If you also look around LMS carefully, you can find the metric leadscrews and many other parts to customize your lathe.

I have also had to talk to them on the telephone and they seem to be helpful folks. (Usual disclaimer, no affiliation with them, but a happy customer.)

Let us know what you do,

--ShopShoe


----------



## rfresh737 (Dec 26, 2017)

@ShopShoe
I'm still trying to wrap my head around this stuff. So your link to LMS makes the cross and compound slides and dials into imperial units of measurement (I believe).

So, if my main lead screw is also imperial, then my lathe is completely 'synchronized' to imperial units, right?

@tornitore45
Thank you, I will remember to ask about that when I order the parts I need from LMS.

I googled how to determine if one has a metric or imperial lead screw but either came up empty or I didn't just understand what I was reading!

If my cross and slide dials range from 0-40 then they are imperial units? What does the 0-50 range do for me?


----------



## Wizard69 (Dec 26, 2017)

rfresh737 said:


> @ShopShoe
> I'm still trying to wrap my head around this stuff. So your link to LMS makes the cross and compound slides and dials into imperial units of measurement (I believe).
> 
> So, if my main lead screw is also imperial, then my lathe is completely 'synchronized' to imperial units, right?


Well probably not.  Your dials will need replacement as will you half nuts.  In any event your machine should be able to cut both metric and imperial threads as is. 

Frankly i see an investment in linear scales as a better use of ones money here.  


> @tornitore45
> Thank you, I will remember to ask about that when I order the parts I need from LMS.
> 
> I googled how to determine if one has a metric or imperial lead screw but either came up empty or I didn't just understand what I was reading!
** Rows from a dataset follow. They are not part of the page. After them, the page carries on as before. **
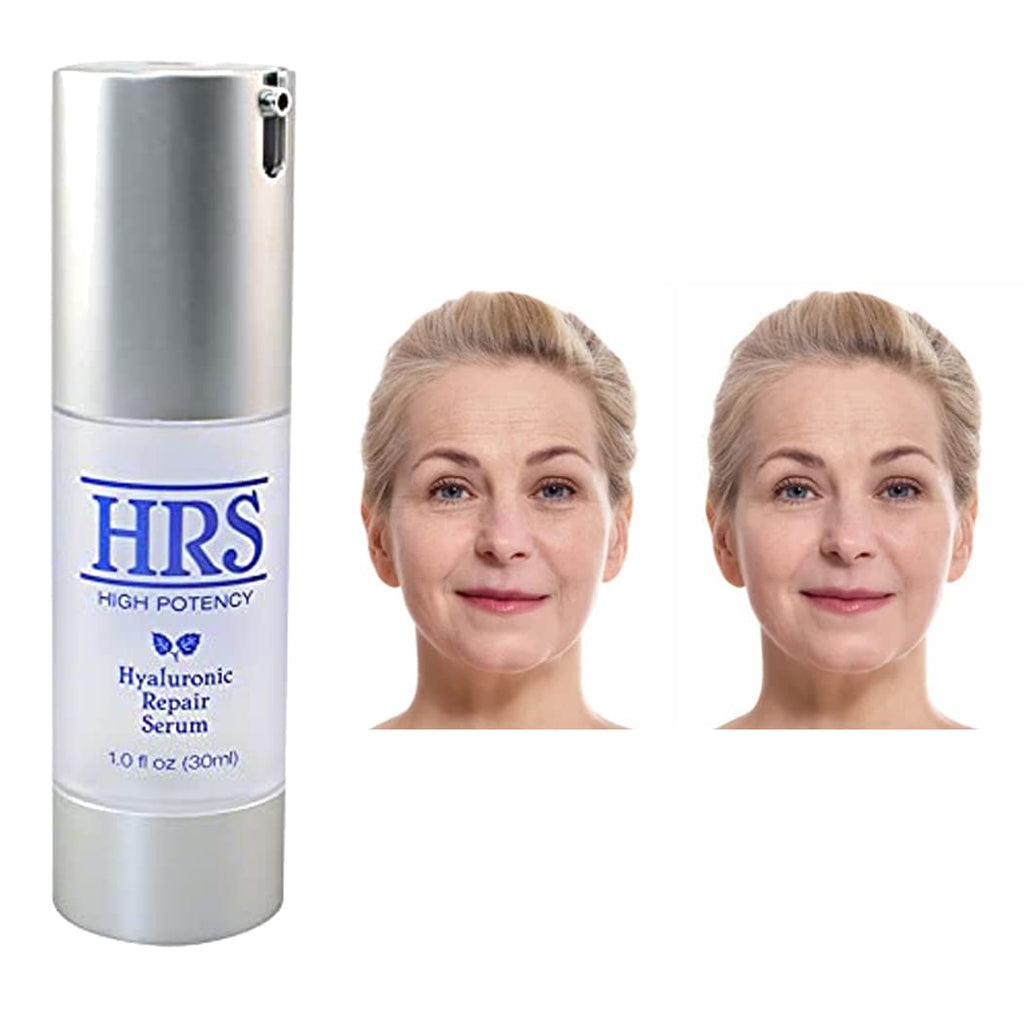 Hyaluronic Repair Concentrate High Potency by BioLogic Solutions (1 fl oz)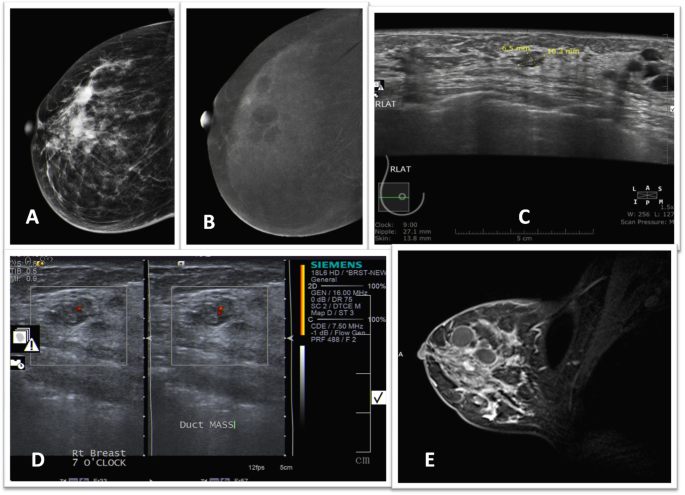 intraductalis papilloma mammogram)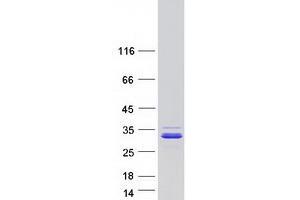 CCDC90B Protein (Myc-DYKDDDDK Tag)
Thread pitch gages are a good investment.  Another approach is to simply rotate the leadscrew one revolution and see how far the slides move.   This isn't rocket science just sit down for a minute and think about it. 


> If my cross and slide dials range from 0-40 then they are imperial units? What does the 0-50 range do for me?




The dials end up calibrated for the leadscrew used on the machine.  Change the lead screws and you will have to change the dials.  You will probably have to change legend plates that shows you the lead for various gear box / change gear settings too.  

In any event, considering the questions posted i fear you are jumping the gun here.   It might help to tell us why you think you need to change the leadscrews because im hearing more confusion than anything here.  I just smell a rush to try to fix something that you don't understand yet.  

That being said there maybe good reasons for you to do a completely imperial machine but i haven't heard them yet from your posts.


----------



## rfresh737 (Dec 26, 2017)

My first project will be to do some outside thread cutting: 5/16-18. Perhaps I don't need to do any lead screw mods then. I probably got confused by all the reading I have done on the subject. I was just concerned about what I read regarding turning the cross dial one full turn (0.040) and not having the slide move the same amount. I saw a Youtube video showing the errors adding up after making 10 turns. I was just trying to avoid having those errors.


----------



## ShopShoe (Dec 27, 2017)

rfresh737,

I think "jumping the gun" is probably relevant to what I said and what you asked.

IF your Harbor Freight lathe has the most common leadscrew/dial combination on the cross slide and compound it is true that after SEVERAL turns of the dial the actual distance you have advanced your cutting tool will be different than what the dial says. Add to that the fact that you must remember that you are advancing the tool a fixed amount, but cutting the overall diameter of the part you are making: some math is involved.

If you prefer to operate by marks and math, then you probably want the dial calibration to match the actual advance.

BUT, if you are learning, your process will be to cut a bit, measure the part, cut, measure, etc. You should probably use a micrometer to check the final 
diameter of the part. The dials are not as important in this situation.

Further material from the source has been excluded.